Technology, however, can offer fast and scalable solutions—and that’s why the Rainforest Alliance, Grameen Foundation, Touton, Satelligence, University of Ghana, and Waterwatch Projects created SAT4Farming, an initiative that employs digital technology and satellite imagery to create digital individualized Farm Development Plans (FDPs) that guide farmers over a seven-year period. In order to make the FDPs even more precise—and to deliver FDPs to even more farmers—the Rainforest Alliance held the Ag-Tech Developer Challenge, a competition to create a remote sensing data product to support the mobile-enabled FDPs. The competition is now closed—and we are pleased to report an overwhelming response to the call for proposals.
Contest judges include Ed Parsons, geospatial technologist at Google; Kim Frankovich, vice president of cocoa sustainability of Mars Inc.; Farouk Nyame, technical manager of the cartography unit at the Ghana Cocoa Board; and Daan de Vries, chief innovation and technology officer at the Rainforest Alliance. A prize of €100,000 ($115,000) and another of €75,000 ($86,000) will be awarded for the proposals chosen for implementation, but all ideas are being entertained for possible future engagement with the Rainforest Alliance.

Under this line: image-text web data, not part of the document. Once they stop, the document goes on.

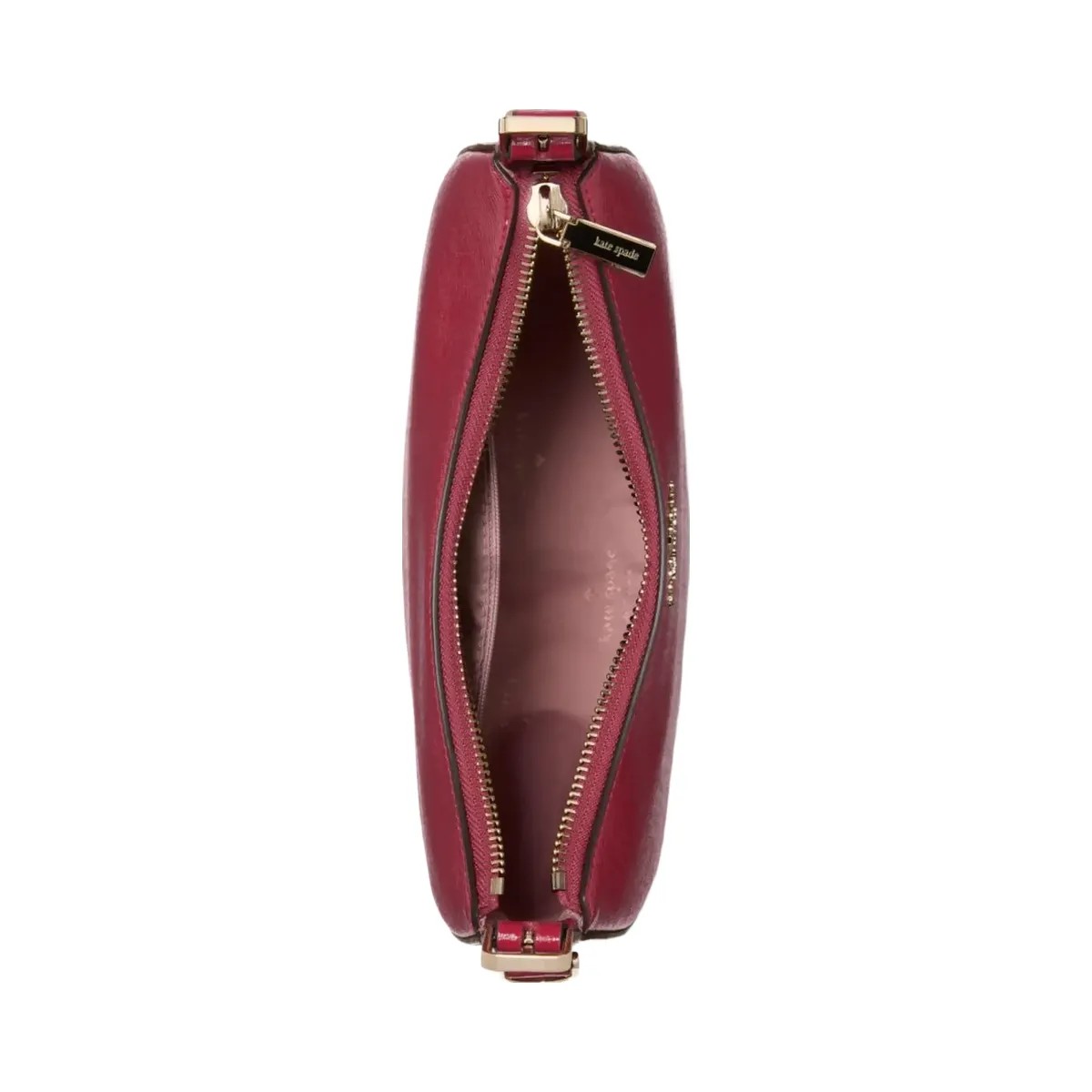 Kate Spade Nova Textured Patent Leather Small Crescent Shoulder Bag Red Jam - HypeFly India View 5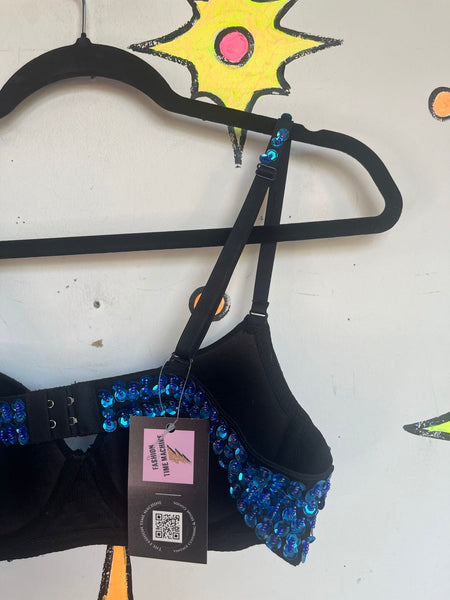 Blue Beaded Bra Top | Y2K Festival Mermaid Glam Sequin Bralette S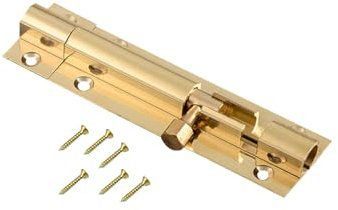 Leliafleury Door Bolt Lock 4 Inch Brass Door Latch Barrel Sliding Bolt Solid Security Lock Latch for Bathroom Bedroom Shed (Gold)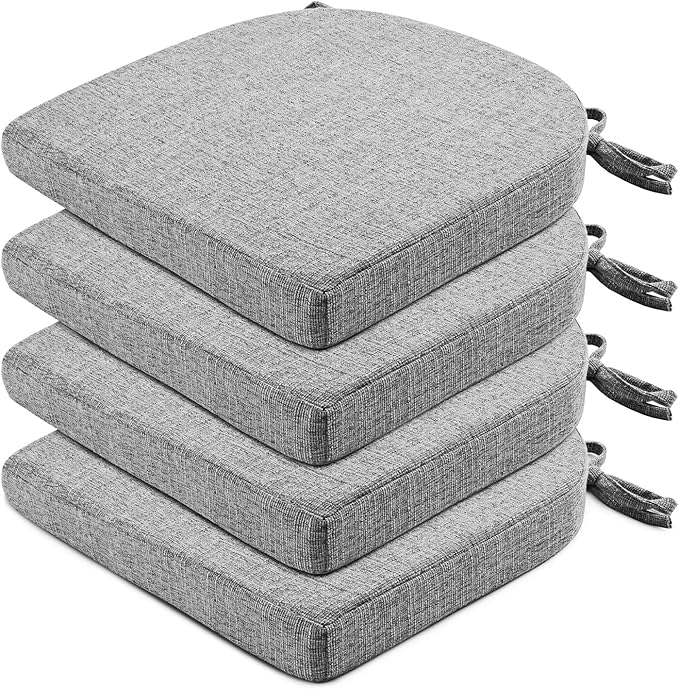 Wellsin Chair Cushions for Dining Chairs 4 Pack - Kitchen Chair Cushions with Ties and Non-Slip Backing - Dining Chair Pads 16"X16"X2", Light Gray
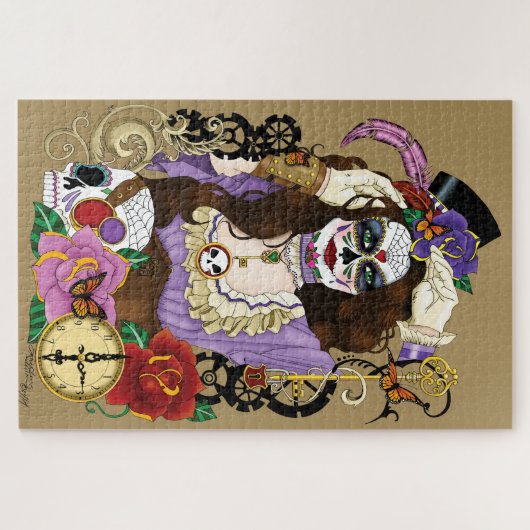 Steampunk Sugar Skull Puzzle (Horizontal)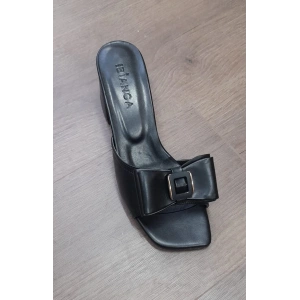 Veor Siyah Cilt Topuklu Terlik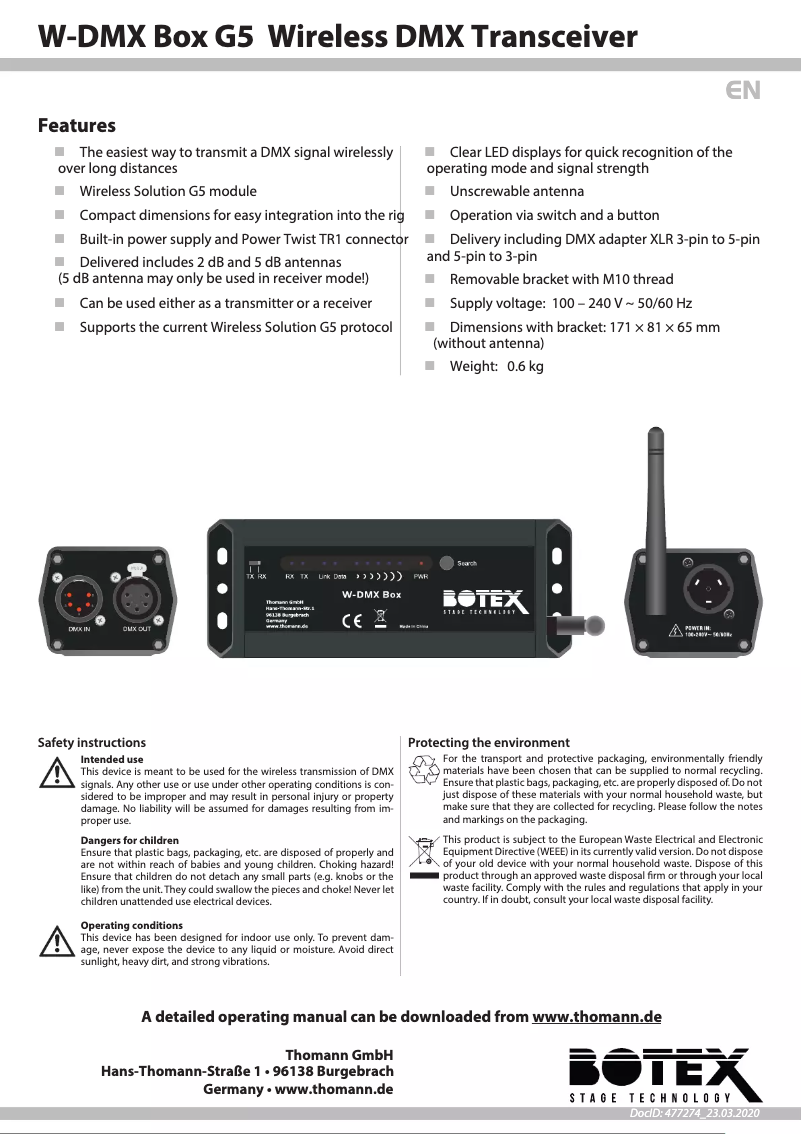 Page 1 de la notice Fiche technique Botex W-DMX Box G5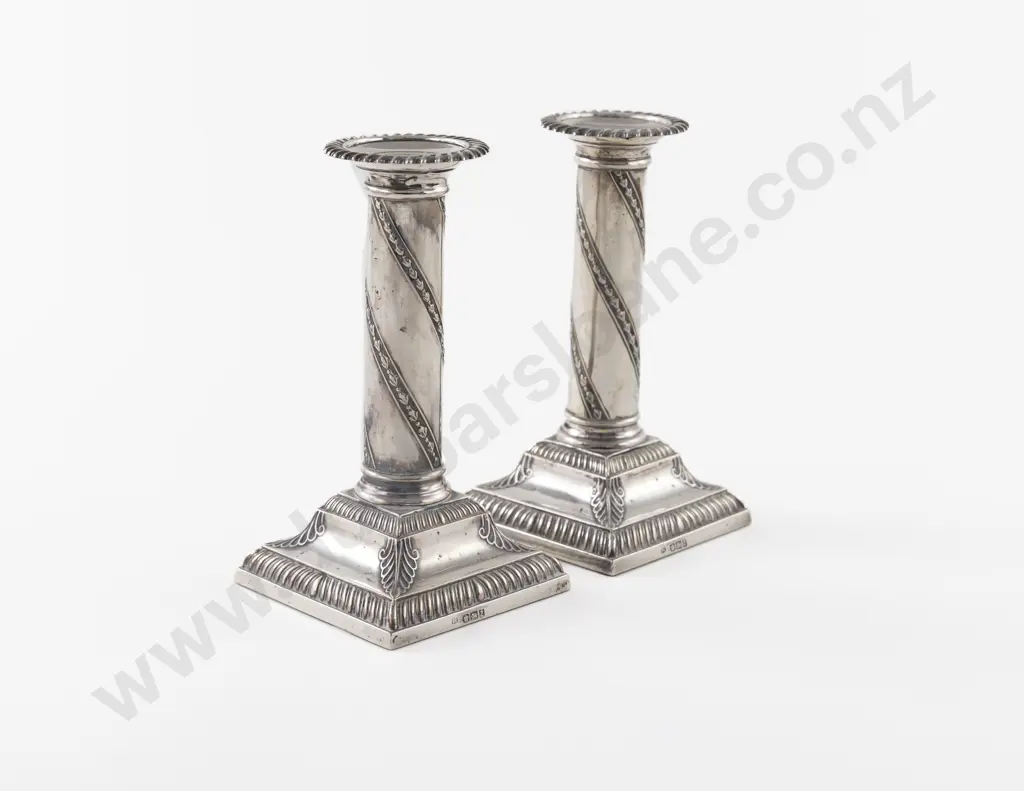 Pair Late Vict S/S Column Candlesticks Image 1++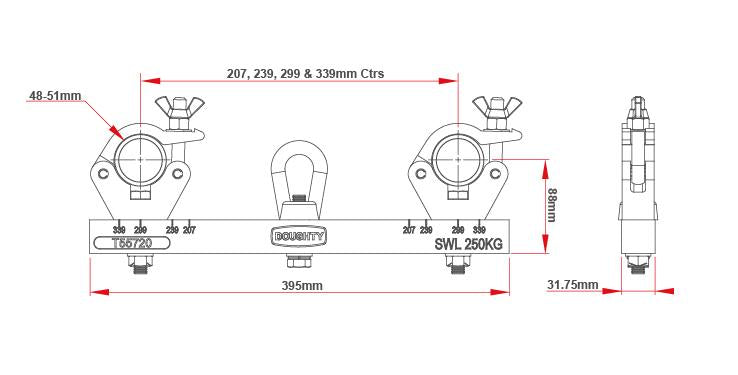 Doughty Solid Hanging Truss Adapter (Aluminum). Supplied by MTN Shop EU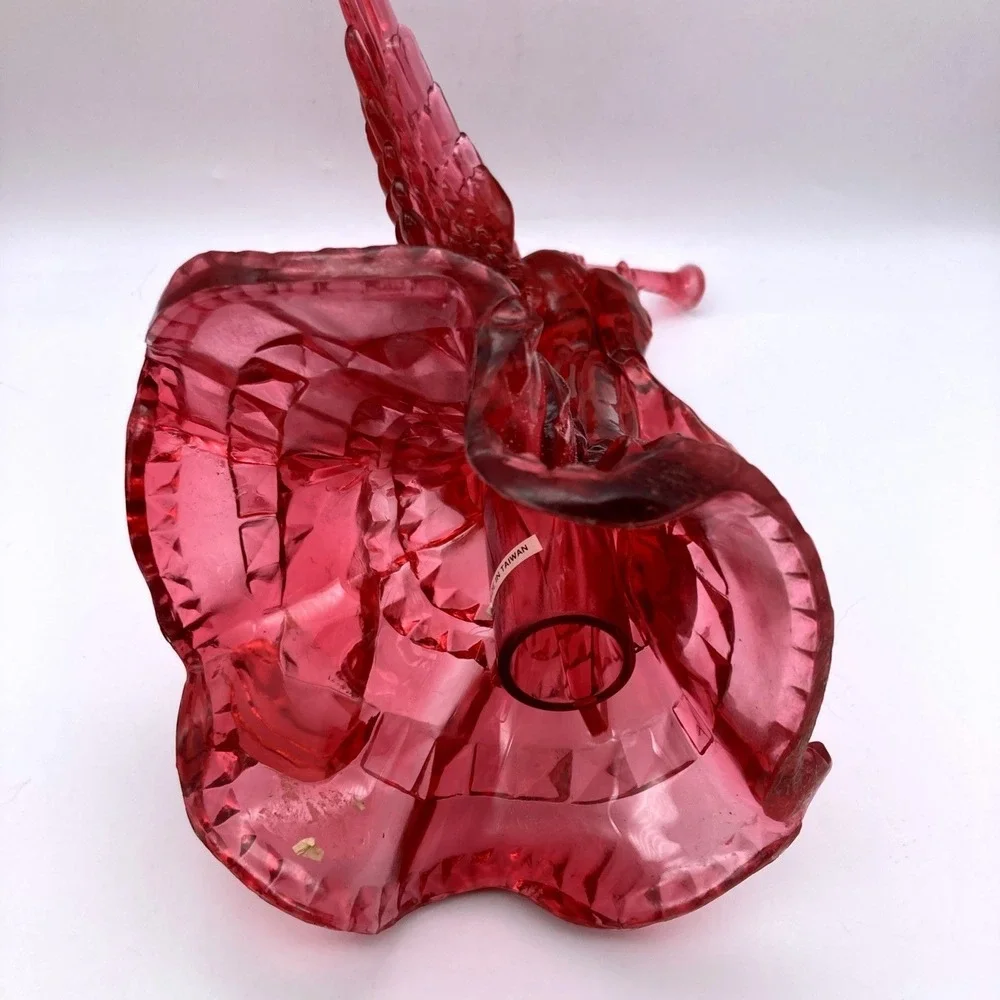 Vintage Silvestri Lucite Acrylic Angel W/ Horn Tree Topper Pink Christmas 9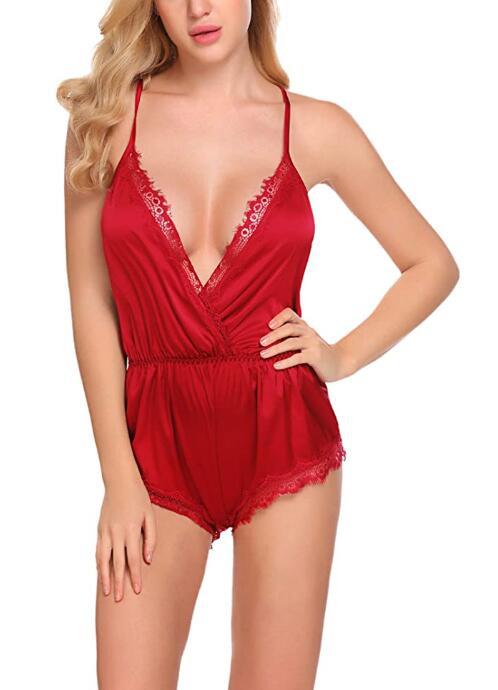 Lingerie une pièce en dentelle pour femmes, écharpe à nouer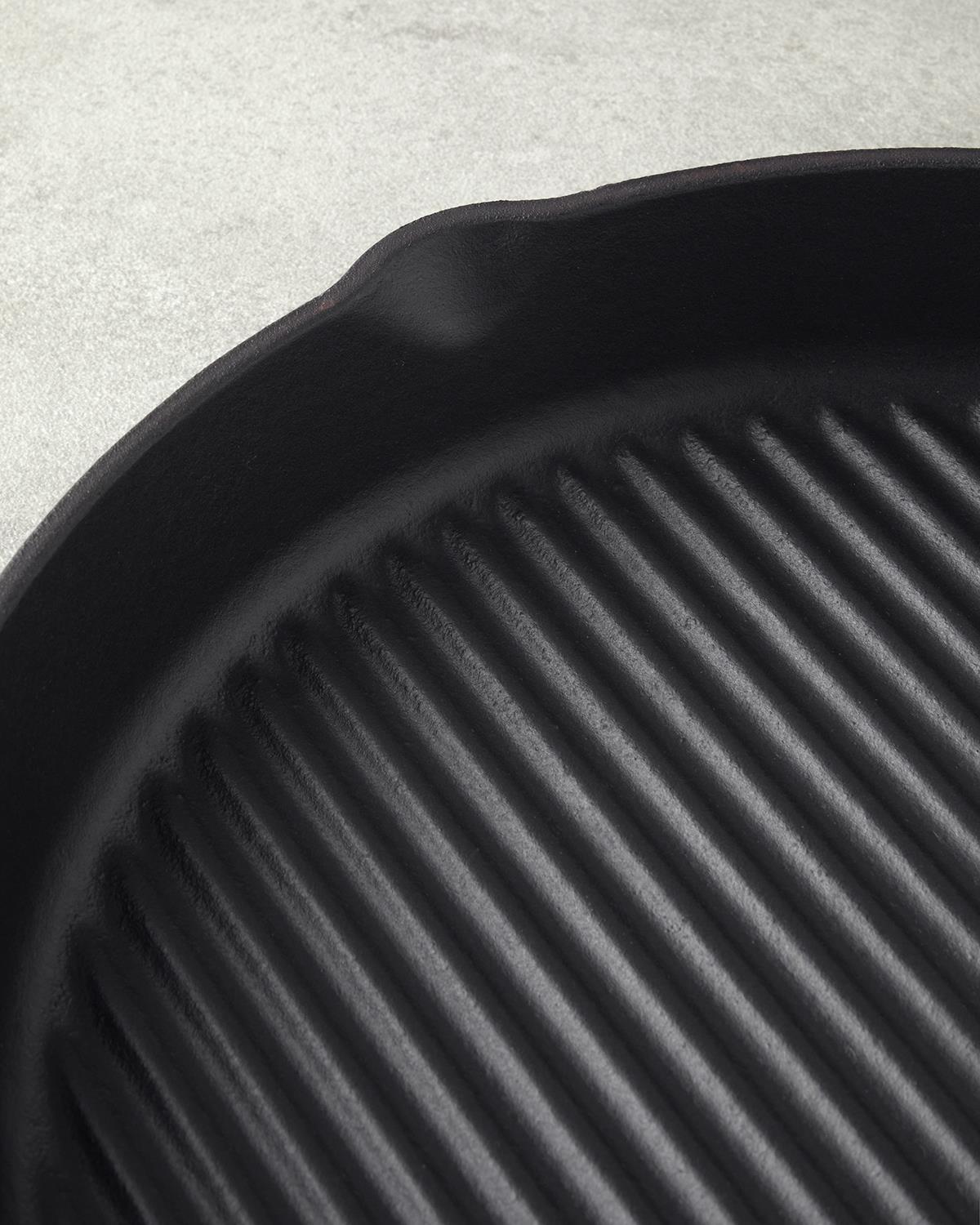 Hecha Demir Döküm Yuvarlak Grill Tava 28x4 cm Gri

Remote sensing—images from satellite or radar that can spot sickly trees, for example—could transform the way FDPs are now created. Currently a field agent goes to each farm to collect and record information, whereas with remote sensing and upcoming Artificial Intelligence (AI) technologies the same information can be gathered much more quickly, cheaply, and precisely—and for many more farmers. The SAT4Farming initiative aims to increase cocoa farmers’ yields to 1500kg per year—triple the average for Ghanaian farmers, for example—through sustainable farming methods. Contest applicants will design their remote-sensing product to be piloted with cocoa farmers in Ghana, where we envision reaching 30,000 farmers by the end of 2020. The remote sensing product eventually will be used for FDPs in other cocoa producing landscapes in Indonesia, Ivory Coast, Ecuador, and Nigeria, with the aim of reaching about 120,000 cocoa farmers.
SAT4Farming builds on a pilot in Indonesia where Mars, the Rainforest Alliance, and Grameen Foundation partnered to create the digital FDP. It is based on a specialized agronomic model for cocoa that includes digital certification performance information. In Ghana, the integration of satellite imagery is expected to streamline the process of creating an FDP, facilitate monitoring, and provide greater insights into dynamic environmental conditions.